**Directions**
Restate the full listing word for word; images stay out of it.

**The data**
--

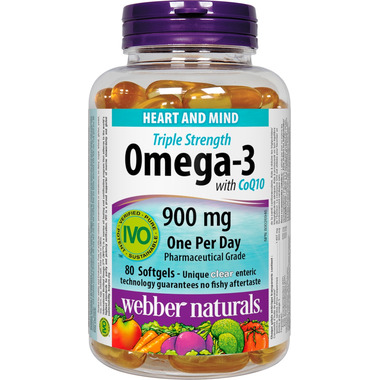 Buy Webber Naturals Triple Strength Omega 3 with CoQ10 at Well.ca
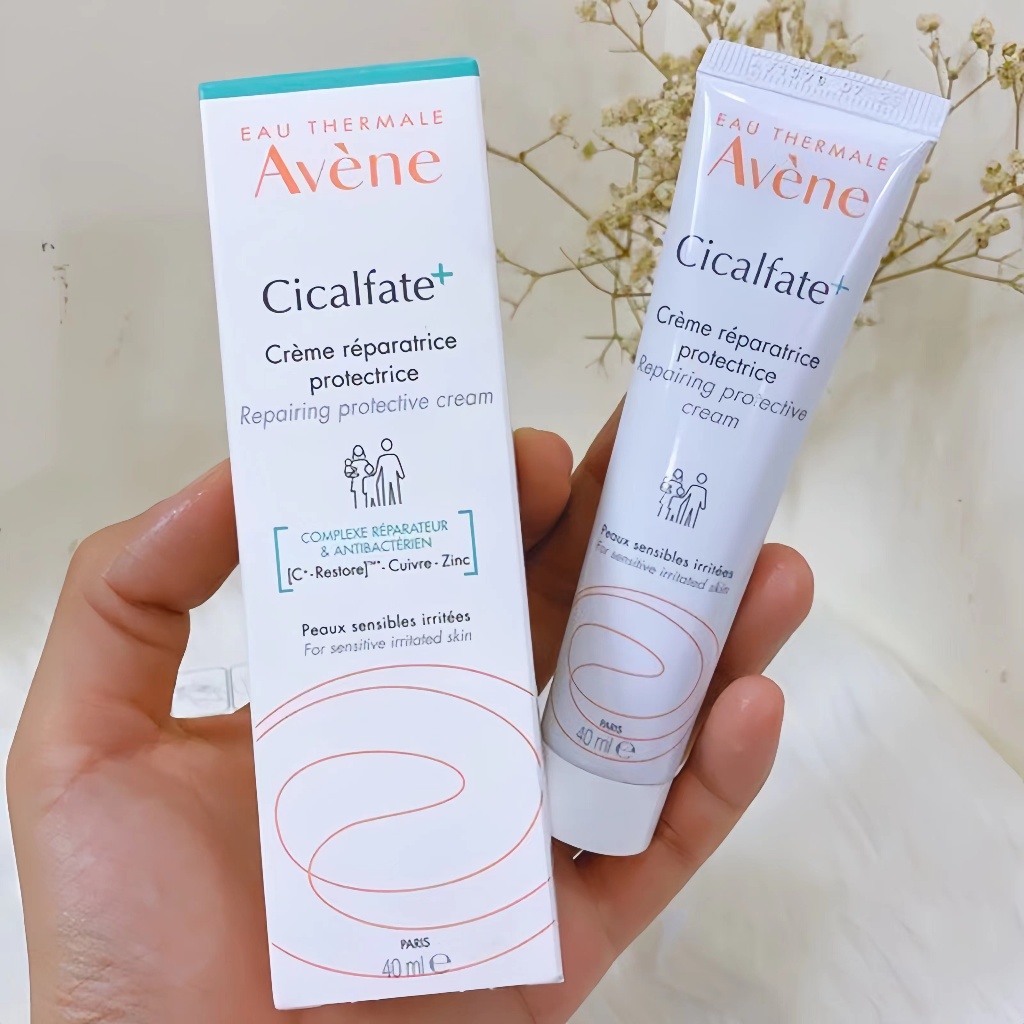 Avene Cicalfate Restorative Protective Cream 40 ml-Krim untuk Membantu memulihkan Luka/avene cicalfa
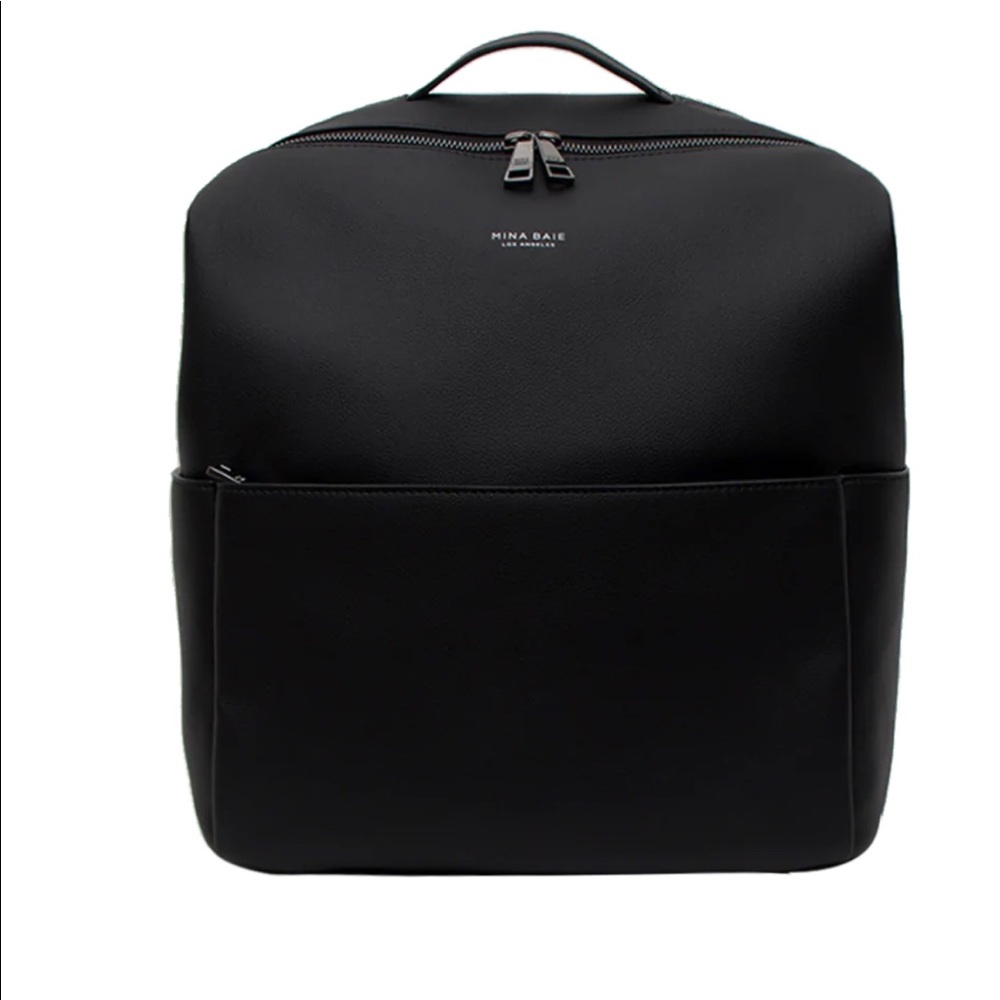 Mina baie black and gunmetal diaper bag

--

**Completed exercise**
 Buy Webber Naturals Triple Strength Omega 3 with CoQ10 at Well.ca
 Avene Cicalfate Restorative Protective Cream 40 ml-Krim untuk Membantu memulihkan Luka/avene cicalfa
 Mina baie black and gunmetal diaper bag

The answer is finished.